Gold has in little more than two months gone from being a favored reflation bet to heading for its worst first quarter in almost four decades.
The change of fortune comes as higher yields dent the appeal of bullion, which offers no interest. At the same time, optimism that the rollout of COVID-19 vaccines would drive a global recovery has pushed investors to switch from the traditional haven to other assets.
Gold’s turnaround has been sharp. After enjoying its best year in a decade, the metal has slumped more than 10 percent this year.
Investor inflows into exchange-traded funds (ETFs), which supported the metal’s surge to a record above US$2,075 an ounce in August last year, have gone into reverse.
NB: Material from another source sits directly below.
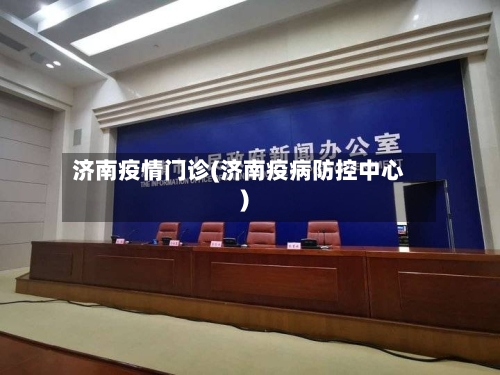 济南疫情门诊(济南疫病防控中心)-第1张图片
While inflation expectations are rising, which some investors say should support gold, that is being overshadowed for now by the effects of rising yields.
Holdings in gold-backed ETFs have declined to the lowest since June last year and spot bullion prices down 0.1 percent at US$1,695.13 an ounce on Friday for a third weekly loss.
Gold for April delivery fell US$2.20 to US$1,698.50 an ounce, down 4.3 percent for the week.
Silver for May delivery fell US$0.17 to US$25.29 an ounce, down 8.5 percent, and copper for May delivery rose US$0.10 cents to US$4.08 a pound, down 4.4 percent.
On Friday, the metal touched the lowest in almost nine months after US Federal Reserve Chairman Jerome Powell stopped short of forcefully pushing back against a recent surge in long-term borrowing costs, sending US Treasury yields soaring.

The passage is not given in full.